*TASK:* In the listing below, locate the lines bearing the word "Flowers". Copy every one of them.

*PROVIDED RECORDS:*
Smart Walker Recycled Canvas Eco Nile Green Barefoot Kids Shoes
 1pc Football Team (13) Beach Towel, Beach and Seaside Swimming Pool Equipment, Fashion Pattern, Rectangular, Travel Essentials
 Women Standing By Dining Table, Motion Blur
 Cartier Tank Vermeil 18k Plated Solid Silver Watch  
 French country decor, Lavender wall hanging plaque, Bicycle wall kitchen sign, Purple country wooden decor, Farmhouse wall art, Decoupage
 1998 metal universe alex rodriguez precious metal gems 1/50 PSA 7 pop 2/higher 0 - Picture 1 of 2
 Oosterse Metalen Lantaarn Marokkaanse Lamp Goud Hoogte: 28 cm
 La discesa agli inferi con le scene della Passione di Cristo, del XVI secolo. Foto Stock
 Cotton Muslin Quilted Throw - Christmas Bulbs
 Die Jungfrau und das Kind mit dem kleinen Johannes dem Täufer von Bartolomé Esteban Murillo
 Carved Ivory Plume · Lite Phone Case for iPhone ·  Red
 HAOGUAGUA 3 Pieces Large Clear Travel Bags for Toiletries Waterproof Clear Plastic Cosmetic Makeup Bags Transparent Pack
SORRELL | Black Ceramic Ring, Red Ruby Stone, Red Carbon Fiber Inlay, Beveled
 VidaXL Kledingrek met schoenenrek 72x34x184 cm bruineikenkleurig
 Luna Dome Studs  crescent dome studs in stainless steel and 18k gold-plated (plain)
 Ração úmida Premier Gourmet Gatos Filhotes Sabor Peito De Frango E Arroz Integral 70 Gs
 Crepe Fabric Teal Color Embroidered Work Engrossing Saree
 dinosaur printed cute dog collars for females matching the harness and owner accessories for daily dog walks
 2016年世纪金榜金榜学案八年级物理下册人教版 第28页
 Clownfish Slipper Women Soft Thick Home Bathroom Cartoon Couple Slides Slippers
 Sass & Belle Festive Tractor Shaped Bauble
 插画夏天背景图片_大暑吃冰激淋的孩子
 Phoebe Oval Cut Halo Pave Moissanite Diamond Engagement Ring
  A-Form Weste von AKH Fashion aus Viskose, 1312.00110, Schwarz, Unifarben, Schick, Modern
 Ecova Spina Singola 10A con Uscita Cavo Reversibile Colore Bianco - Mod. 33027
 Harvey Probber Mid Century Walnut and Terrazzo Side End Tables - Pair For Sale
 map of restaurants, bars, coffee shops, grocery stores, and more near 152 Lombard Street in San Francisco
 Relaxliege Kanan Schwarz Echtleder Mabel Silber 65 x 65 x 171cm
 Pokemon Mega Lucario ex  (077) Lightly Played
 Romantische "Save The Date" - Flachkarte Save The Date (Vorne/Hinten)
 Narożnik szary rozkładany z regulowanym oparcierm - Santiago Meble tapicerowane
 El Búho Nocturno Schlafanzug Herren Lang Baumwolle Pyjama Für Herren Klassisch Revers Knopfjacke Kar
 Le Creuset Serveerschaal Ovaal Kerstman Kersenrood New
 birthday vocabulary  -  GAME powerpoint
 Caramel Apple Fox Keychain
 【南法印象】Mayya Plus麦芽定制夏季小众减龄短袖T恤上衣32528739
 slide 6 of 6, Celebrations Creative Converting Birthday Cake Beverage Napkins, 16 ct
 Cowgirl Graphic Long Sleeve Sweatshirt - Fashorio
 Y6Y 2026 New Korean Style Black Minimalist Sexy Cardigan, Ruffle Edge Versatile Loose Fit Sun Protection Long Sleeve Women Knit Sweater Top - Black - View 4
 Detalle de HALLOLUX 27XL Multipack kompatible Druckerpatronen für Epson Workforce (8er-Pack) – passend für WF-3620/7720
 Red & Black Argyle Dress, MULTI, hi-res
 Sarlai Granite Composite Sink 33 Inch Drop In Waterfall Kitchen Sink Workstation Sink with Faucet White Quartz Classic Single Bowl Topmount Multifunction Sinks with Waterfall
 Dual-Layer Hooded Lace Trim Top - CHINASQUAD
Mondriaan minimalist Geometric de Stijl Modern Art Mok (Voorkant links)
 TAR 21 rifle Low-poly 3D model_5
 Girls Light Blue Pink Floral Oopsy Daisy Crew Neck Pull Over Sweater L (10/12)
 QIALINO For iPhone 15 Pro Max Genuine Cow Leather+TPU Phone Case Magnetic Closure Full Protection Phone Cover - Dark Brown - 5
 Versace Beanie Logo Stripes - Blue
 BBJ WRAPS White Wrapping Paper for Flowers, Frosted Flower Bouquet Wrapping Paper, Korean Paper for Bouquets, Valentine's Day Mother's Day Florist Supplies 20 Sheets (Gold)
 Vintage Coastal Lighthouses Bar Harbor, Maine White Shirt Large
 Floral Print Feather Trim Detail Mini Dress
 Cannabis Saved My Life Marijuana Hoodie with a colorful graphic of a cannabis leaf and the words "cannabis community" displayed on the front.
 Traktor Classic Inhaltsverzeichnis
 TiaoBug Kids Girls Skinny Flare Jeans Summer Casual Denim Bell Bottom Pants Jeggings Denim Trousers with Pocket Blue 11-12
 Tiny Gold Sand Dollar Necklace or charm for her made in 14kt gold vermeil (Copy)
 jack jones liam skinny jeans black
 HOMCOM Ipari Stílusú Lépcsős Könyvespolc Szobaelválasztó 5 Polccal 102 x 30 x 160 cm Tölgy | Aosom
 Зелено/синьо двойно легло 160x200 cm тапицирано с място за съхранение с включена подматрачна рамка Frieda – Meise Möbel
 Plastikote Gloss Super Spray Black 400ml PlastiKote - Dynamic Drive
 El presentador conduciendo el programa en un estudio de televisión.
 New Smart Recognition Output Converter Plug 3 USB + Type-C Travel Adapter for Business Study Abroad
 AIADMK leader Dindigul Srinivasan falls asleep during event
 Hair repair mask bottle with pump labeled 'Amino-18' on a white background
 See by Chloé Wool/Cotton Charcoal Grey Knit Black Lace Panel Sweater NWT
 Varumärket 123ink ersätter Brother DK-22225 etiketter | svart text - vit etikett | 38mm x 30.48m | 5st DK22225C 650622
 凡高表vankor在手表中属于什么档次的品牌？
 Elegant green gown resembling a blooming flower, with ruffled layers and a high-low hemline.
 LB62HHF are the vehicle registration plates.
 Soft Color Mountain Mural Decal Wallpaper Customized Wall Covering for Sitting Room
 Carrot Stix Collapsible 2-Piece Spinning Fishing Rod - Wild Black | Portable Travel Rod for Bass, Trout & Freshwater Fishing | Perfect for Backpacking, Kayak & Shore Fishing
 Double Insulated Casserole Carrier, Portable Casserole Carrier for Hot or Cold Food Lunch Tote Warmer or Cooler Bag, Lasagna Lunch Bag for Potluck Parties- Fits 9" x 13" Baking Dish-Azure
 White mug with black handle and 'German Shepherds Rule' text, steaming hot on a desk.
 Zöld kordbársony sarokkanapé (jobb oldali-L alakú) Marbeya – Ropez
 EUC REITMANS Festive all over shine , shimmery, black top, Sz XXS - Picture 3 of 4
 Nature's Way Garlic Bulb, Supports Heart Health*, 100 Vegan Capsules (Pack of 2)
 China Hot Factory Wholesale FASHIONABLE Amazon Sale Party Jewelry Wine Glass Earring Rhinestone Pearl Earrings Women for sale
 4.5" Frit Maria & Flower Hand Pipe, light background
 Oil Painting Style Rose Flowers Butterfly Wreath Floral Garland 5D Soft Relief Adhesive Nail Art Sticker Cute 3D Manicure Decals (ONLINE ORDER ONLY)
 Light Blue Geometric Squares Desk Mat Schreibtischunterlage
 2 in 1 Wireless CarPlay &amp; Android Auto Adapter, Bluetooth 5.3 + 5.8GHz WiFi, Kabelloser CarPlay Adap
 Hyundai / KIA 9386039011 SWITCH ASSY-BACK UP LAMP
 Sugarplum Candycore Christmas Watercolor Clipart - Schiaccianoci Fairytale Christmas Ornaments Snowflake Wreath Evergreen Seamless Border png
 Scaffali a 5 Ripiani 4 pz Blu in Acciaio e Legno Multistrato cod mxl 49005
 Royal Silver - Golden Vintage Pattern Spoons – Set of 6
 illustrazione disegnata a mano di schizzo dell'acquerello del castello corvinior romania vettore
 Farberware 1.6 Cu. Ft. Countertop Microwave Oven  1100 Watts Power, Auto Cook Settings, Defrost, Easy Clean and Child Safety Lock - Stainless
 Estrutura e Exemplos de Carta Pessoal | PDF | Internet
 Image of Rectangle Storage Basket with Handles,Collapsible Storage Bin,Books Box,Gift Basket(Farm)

*PROBLEM SOLUTION:*
 BBJ WRAPS White Wrapping Paper for Flowers, Frosted Flower Bouquet Wrapping Paper, Korean Paper for Bouquets, Valentine's Day Mother's Day Florist Supplies 20 Sheets (Gold)
 Oil Painting Style Rose Flowers Butterfly Wreath Floral Garland 5D Soft Relief Adhesive Nail Art Sticker Cute 3D Manicure Decals (ONLINE ORDER ONLY)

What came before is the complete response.